= The Marriage (radio) =

American radio series (1953–1954)

The Marriage is an American comedy radio series which starred Hume Cronyn and Jessica Tandy. Based on their earlier Broadway play, The Fourposter, the series aired Sunday evenings on NBC at 7:30 p.m. Eastern Time from October 4, 1953 through March 28, 1954. The scripts were mostly written by Ernest Kinoy, and the closing theme was "A Star Is Born", by Robert Farnon.

==Characters and story==
New York attorney Ben Marriott (Hume Cronyn) was married to former department store fashion buyer Liz (Jessica Tandy), who struggled with her switch to domestic life. The sophisticated couple discussed such subjects as art, theater, literature and philosophy, while raising a son, Pete (David Pfeffer), and an awkward teenage daughter, Emily (Denise Alexander). Bob Denton was the announcer.

==Production==
Edward King was the director. Written by Ernest Kinoy, the series had an unusual gimmick of alternating viewpoints, as Ben narrated one week and Liz the next. The program was sustaining.

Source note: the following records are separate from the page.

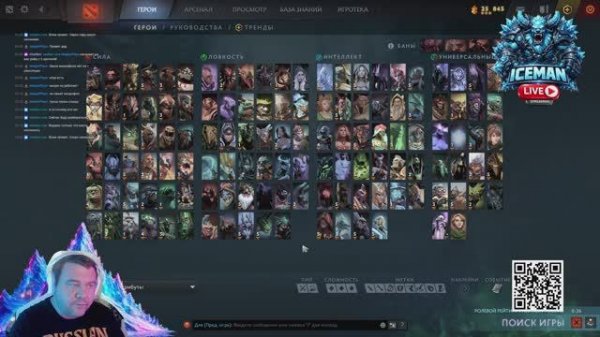 Батя забрал комп и катает в Dota 2. Live стрим 2k. RTX 5070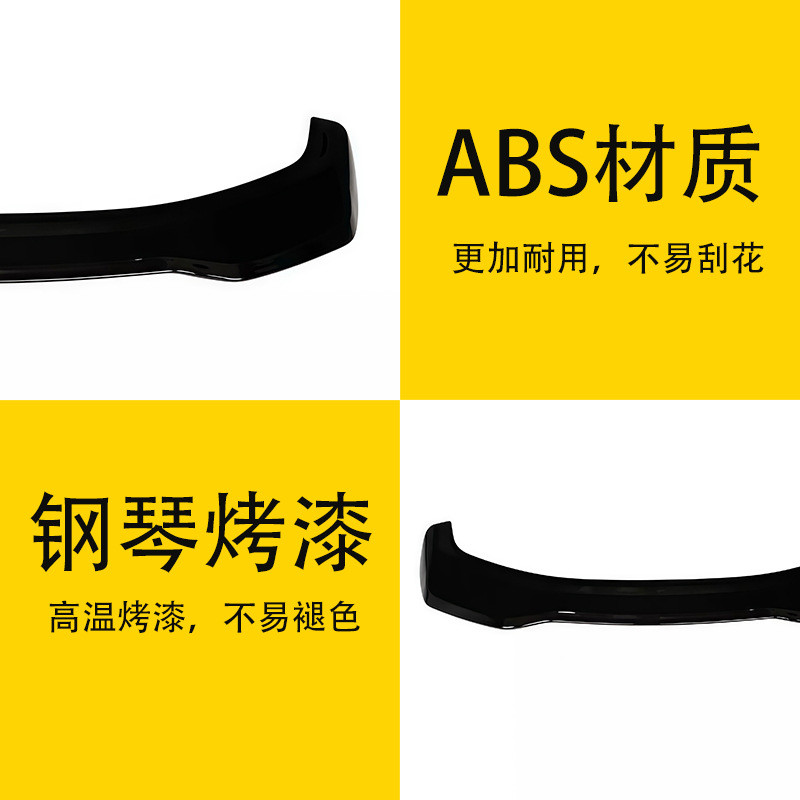 适用于2011-2018宝马BMW老X3顶翼F25尾翼改装亮黑顶翼压尾后扰流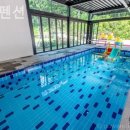 하릅펜션 이미지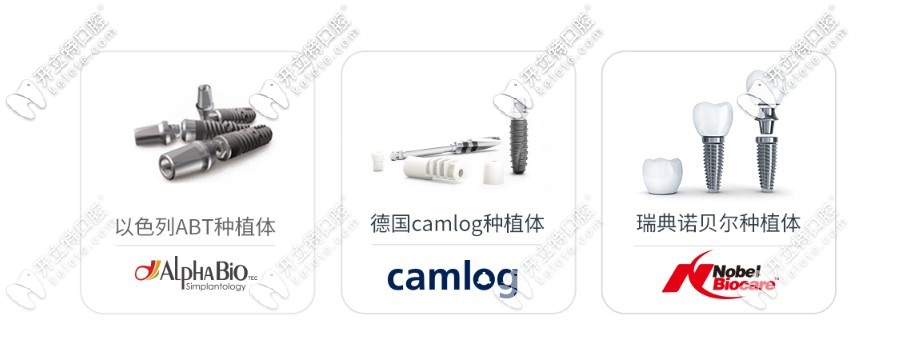 韩国登腾种植牙买1送1,这波福利说啥也不能错过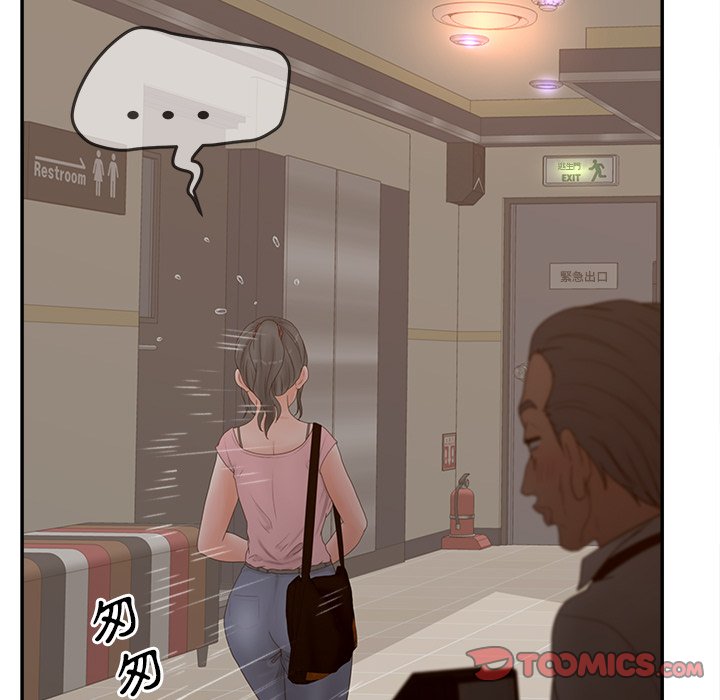 意外的秘密交易 第34章 第73页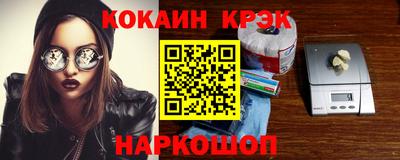 соль ск Нарткала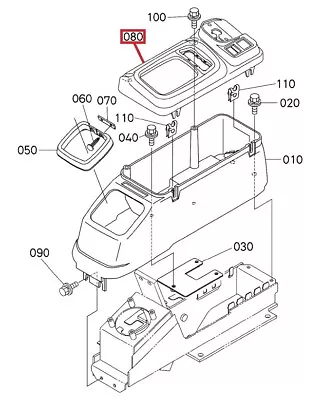 RA23144750 Console Upper Cover (RH) Fits Kubota  U17-3 Alpha  (Special Order) • £80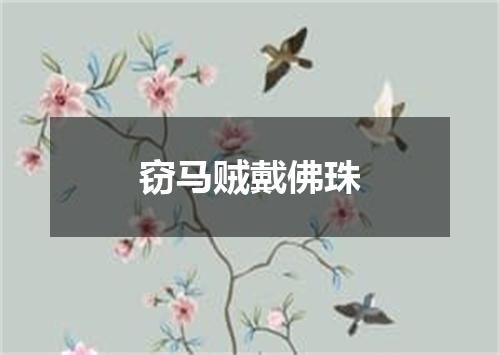 窃马贼戴佛珠
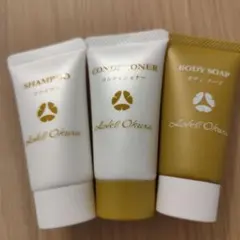 ホテルオークラ　シャンプーセット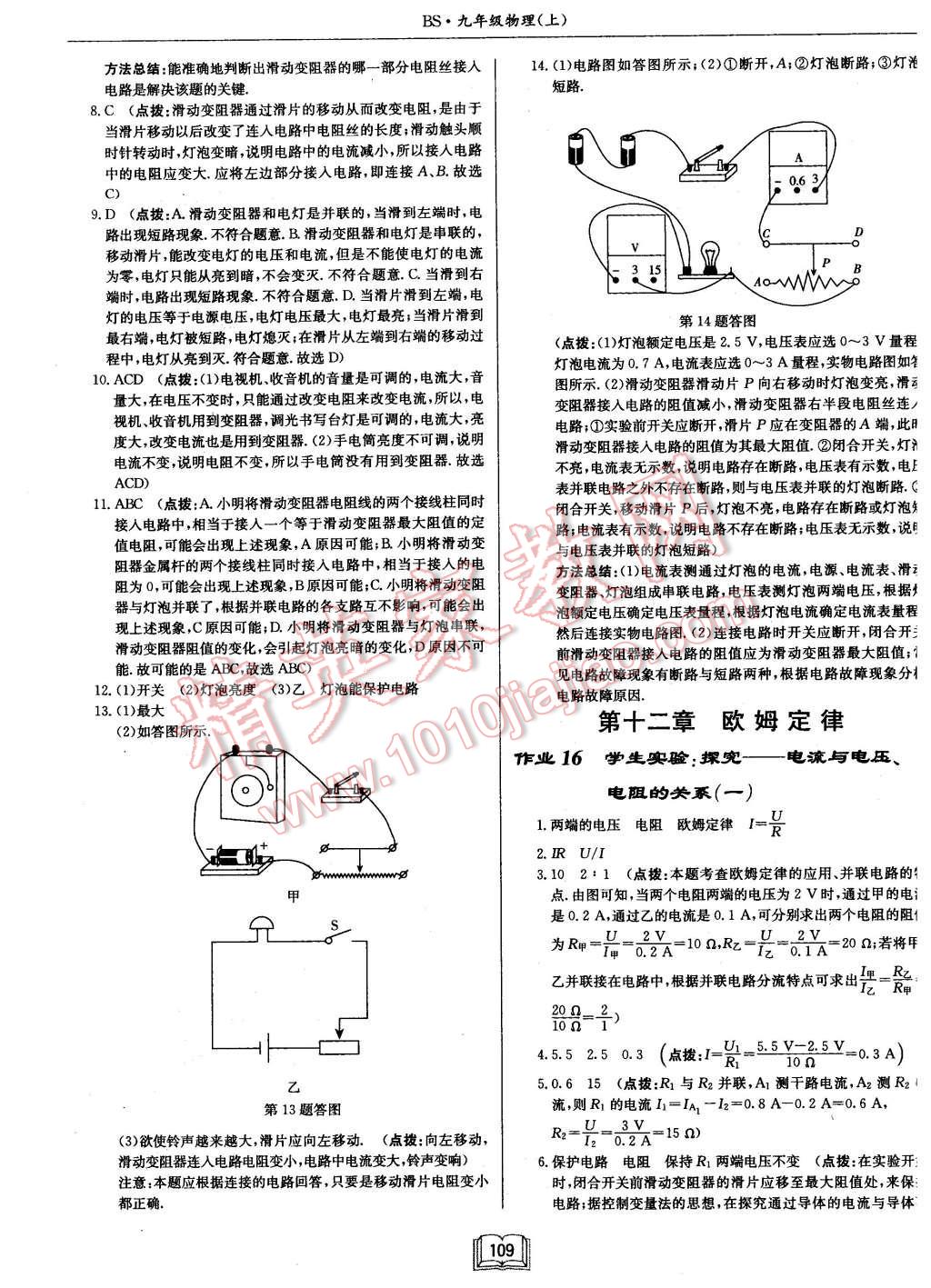 2015年啟東中學(xué)作業(yè)本九年級物理上冊北師大版 第13頁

The series was produced after a 1952 audition recording left Bud Barry, vice president at NBC, pleased but thinking that a stronger script was needed.

==Critical response==
A review of the premiere episode in the trade publication Billboard noted the similarity of the concept to that of The Fourposter and said, "The Cronyns, as usual, endow it with warmth and vitality."

==Television==
The show was scheduled to move from radio to television, with Cronyn producing as well as acting in the show. However, Tandy suffered a miscarriage, and the show's debut was delayed a week. The TV series of the same name premiered in July 1954 to "warm and enthusiastic reviews." It ran through August, and abruptly ended after eight episodes.

A pilot was made in 1957 in an effort to revive the TV series.